### INPUT RECORDS
===

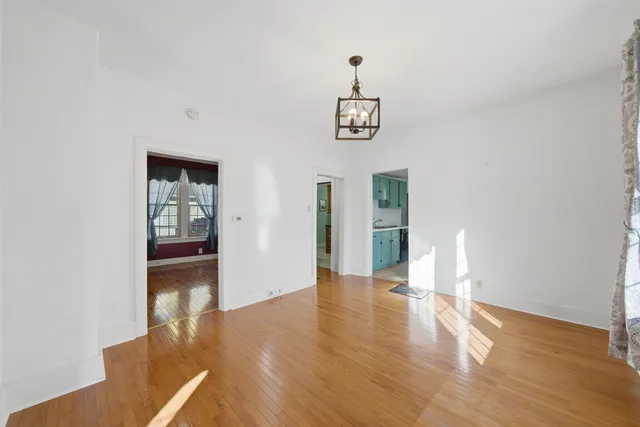 $1,995 | 105 East Washington Street, Yorkville, IL 60560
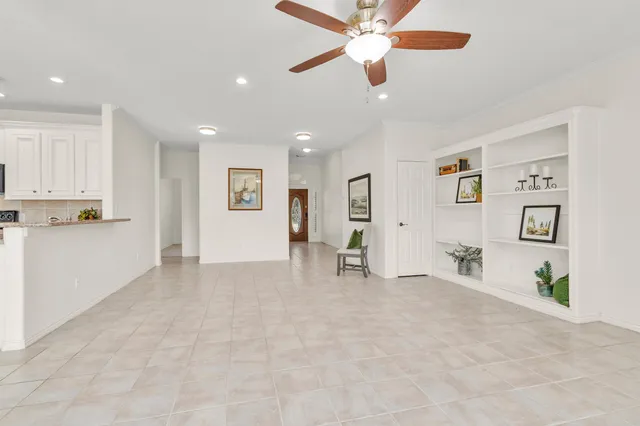 $1,975 | 147 April Waters Drive West, Conroe, TX 77356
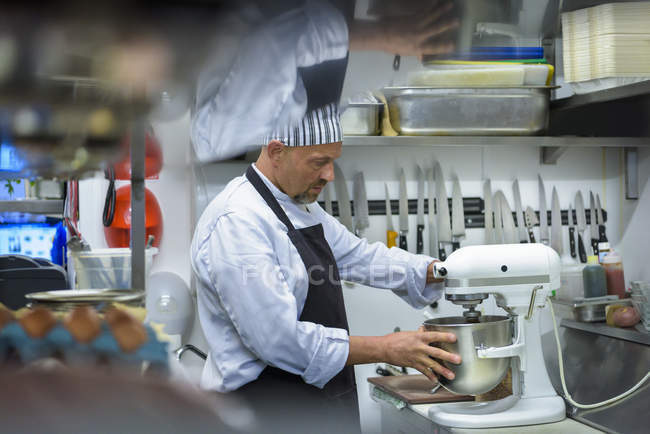 Chef mistura comida na cozinha tradicional restaurante italiano — Fotografia de Stock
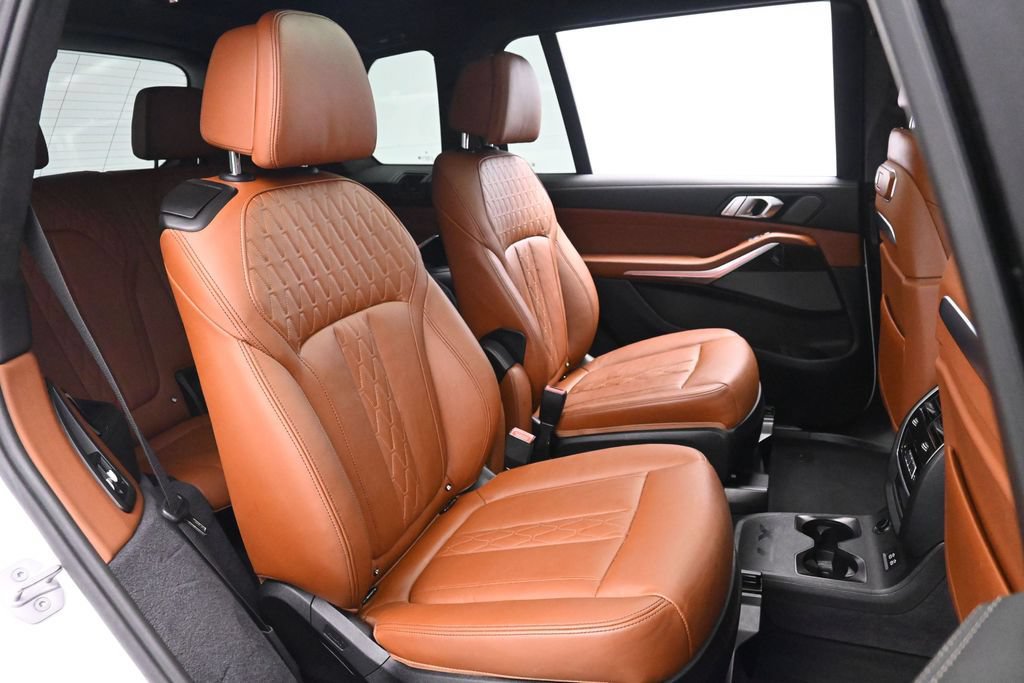 Used 2024 BMW X7 M60i w/ Executive Package AWD/4WD image 19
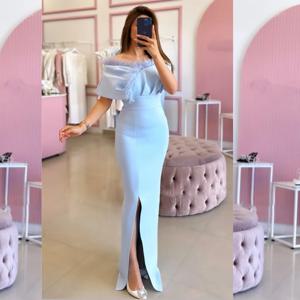 맞춤형 Jiayigong 하이 퀄리티 저지, 깃털 플리츠, 발렌타인 데이 시스, 오프 숄더, 맞춤형 가운, 긴 원피스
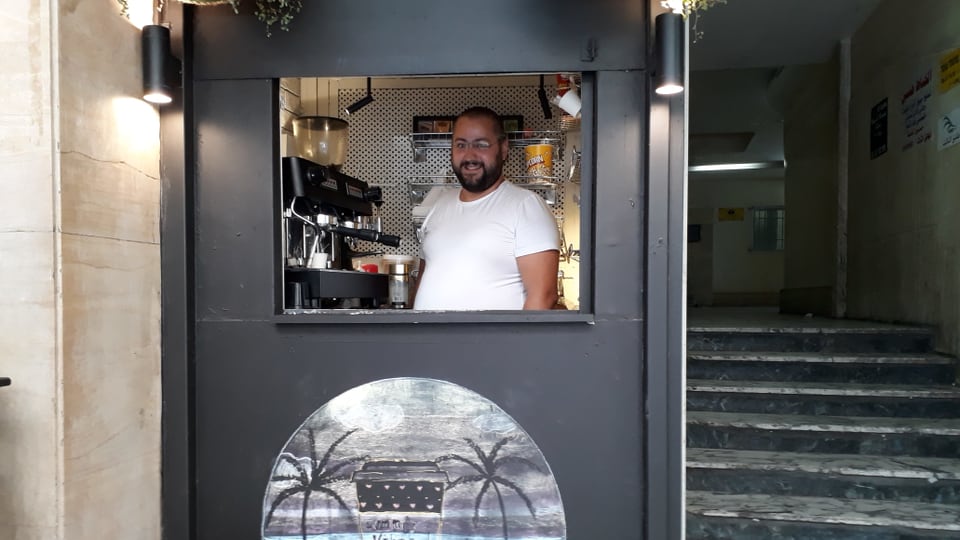 Mann in Kaffehaus in Beirut.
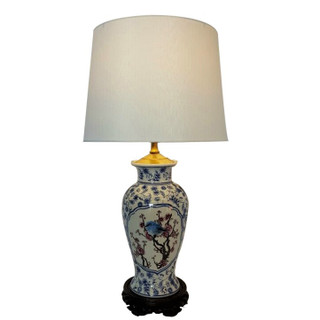 Chinese blue and white porcelain lamp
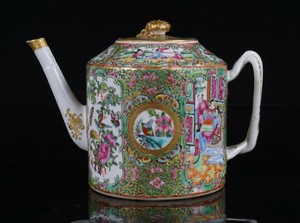 FINE Quality LARGE Antique Chinese Famille Rose Porcelain Teapot & Lid c1850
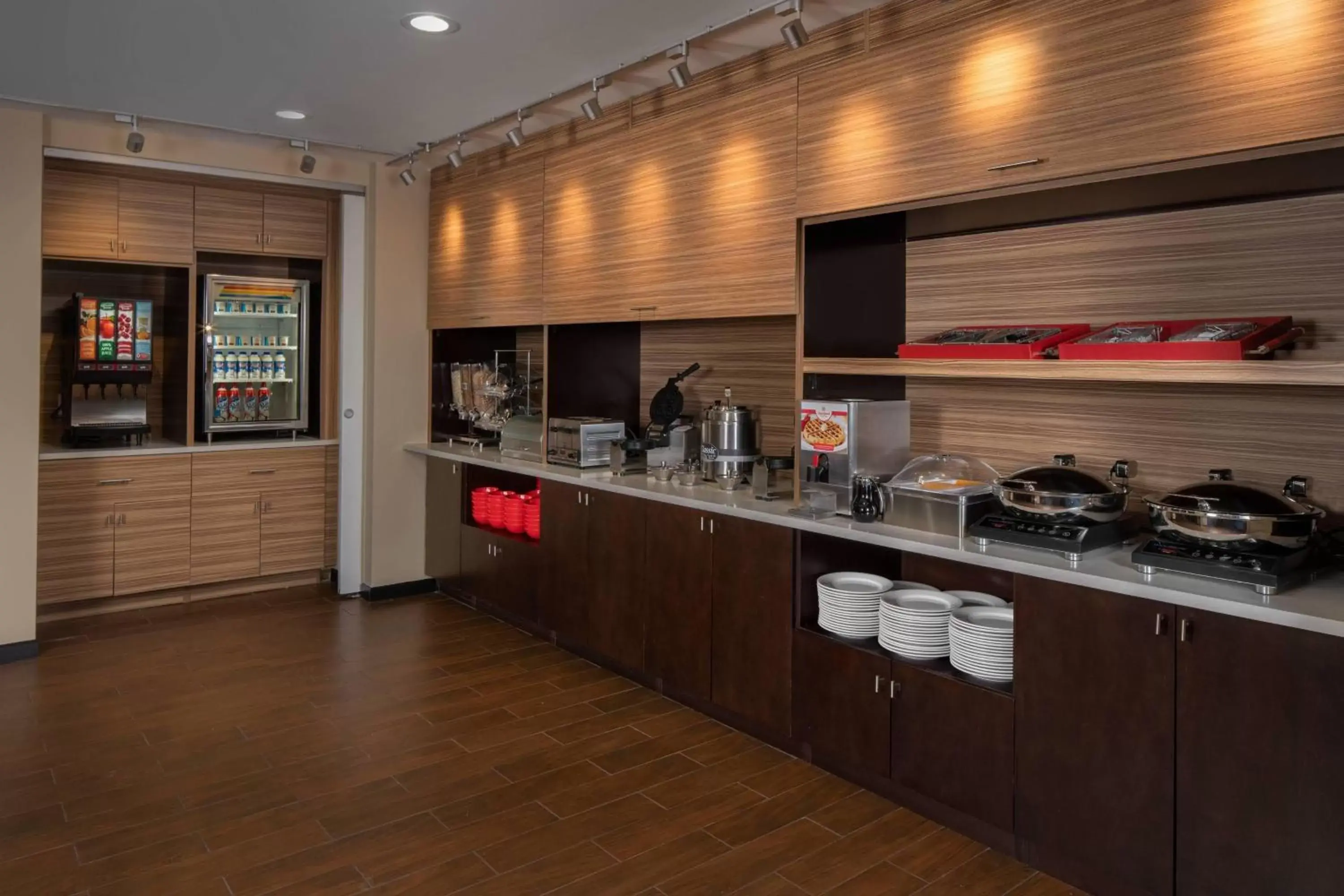 Breakfast, Kitchen/Kitchenette in TownePlace by Marriott Suites Clarksville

===

Nothing but the lines from the one holding "Chinese blue and white porcelain lamp" through the last line of the listing should appear in the answer, copied exactly and without pictures.

### RESPONSE
 Chinese blue and white porcelain lamp
 FINE Quality LARGE Antique Chinese Famille Rose Porcelain Teapot & Lid c1850
 Breakfast, Kitchen/Kitchenette in TownePlace by Marriott Suites Clarksville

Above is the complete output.